ASSIGNMENT
Wherever the string "View" turns up in the data, copy the whole line.

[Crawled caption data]
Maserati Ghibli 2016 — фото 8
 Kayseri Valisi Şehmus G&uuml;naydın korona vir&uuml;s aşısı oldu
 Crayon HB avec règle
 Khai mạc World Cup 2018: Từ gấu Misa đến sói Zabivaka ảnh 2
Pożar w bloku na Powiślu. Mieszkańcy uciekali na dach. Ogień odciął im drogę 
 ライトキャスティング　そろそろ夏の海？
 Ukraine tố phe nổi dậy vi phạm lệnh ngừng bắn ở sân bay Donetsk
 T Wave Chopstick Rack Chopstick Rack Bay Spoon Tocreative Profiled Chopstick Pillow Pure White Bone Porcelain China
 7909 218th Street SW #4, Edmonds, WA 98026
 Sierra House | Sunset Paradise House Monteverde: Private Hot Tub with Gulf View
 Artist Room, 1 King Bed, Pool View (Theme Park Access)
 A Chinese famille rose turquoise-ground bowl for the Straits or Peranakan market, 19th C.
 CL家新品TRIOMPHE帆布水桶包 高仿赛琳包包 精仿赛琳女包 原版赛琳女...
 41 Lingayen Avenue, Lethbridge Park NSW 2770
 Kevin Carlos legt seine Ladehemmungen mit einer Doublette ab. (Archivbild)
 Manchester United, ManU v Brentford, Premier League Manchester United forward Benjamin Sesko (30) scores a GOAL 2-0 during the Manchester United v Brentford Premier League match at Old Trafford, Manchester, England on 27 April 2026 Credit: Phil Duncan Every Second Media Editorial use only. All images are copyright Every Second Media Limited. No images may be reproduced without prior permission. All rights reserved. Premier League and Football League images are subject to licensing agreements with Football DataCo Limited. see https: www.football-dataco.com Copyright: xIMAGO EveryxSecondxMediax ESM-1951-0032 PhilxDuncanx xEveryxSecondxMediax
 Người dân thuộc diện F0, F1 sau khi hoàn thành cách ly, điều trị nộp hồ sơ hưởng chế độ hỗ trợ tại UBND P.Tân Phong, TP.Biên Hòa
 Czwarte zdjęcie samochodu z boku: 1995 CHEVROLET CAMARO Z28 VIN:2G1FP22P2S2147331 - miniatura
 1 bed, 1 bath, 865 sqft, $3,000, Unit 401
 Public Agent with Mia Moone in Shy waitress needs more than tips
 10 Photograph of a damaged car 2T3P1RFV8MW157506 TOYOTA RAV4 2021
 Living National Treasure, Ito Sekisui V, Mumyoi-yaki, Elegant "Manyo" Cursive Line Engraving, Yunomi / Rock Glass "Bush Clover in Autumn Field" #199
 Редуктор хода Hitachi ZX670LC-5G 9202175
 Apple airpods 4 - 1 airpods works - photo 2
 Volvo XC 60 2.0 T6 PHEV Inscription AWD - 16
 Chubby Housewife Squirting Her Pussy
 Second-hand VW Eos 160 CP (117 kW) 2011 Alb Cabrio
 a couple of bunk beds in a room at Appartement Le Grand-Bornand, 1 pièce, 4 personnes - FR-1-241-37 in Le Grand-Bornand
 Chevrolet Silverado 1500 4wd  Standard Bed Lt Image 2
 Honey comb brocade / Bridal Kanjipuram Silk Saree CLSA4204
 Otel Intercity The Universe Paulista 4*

RESPONSE BOX
 Sierra House | Sunset Paradise House Monteverde: Private Hot Tub with Gulf View
 Artist Room, 1 King Bed, Pool View (Theme Park Access)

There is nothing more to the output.